EXERCISE DESCRIPTION ::
Entries follow. Return each line that contains the word "Photo".

MATERIALS PROVIDED ::
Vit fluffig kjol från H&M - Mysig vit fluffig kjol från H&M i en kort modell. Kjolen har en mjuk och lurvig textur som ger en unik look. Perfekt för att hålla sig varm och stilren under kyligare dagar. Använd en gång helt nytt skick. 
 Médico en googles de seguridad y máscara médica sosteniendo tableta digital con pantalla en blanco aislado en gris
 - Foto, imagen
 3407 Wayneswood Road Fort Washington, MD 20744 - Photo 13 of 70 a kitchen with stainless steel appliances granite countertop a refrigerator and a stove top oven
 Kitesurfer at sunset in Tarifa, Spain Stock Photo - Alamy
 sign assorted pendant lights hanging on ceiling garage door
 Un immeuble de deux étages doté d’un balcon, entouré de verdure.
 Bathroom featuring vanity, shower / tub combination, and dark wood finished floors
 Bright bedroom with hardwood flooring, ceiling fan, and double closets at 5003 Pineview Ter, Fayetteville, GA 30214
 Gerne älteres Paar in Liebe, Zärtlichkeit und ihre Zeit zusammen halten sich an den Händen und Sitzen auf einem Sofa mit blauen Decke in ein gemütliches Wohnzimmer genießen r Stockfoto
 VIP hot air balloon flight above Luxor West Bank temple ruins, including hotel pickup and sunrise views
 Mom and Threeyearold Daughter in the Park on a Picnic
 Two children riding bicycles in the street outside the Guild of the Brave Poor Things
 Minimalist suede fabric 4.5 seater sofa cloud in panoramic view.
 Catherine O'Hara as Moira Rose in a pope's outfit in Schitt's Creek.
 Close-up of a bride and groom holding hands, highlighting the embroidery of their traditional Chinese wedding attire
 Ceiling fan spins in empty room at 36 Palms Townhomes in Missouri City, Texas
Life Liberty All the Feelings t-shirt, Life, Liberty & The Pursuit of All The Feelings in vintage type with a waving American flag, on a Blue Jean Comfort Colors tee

EXPECTED ANSWER ::
 3407 Wayneswood Road Fort Washington, MD 20744 - Photo 13 of 70 a kitchen with stainless steel appliances granite countertop a refrigerator and a stove top oven
 Kitesurfer at sunset in Tarifa, Spain Stock Photo - Alamy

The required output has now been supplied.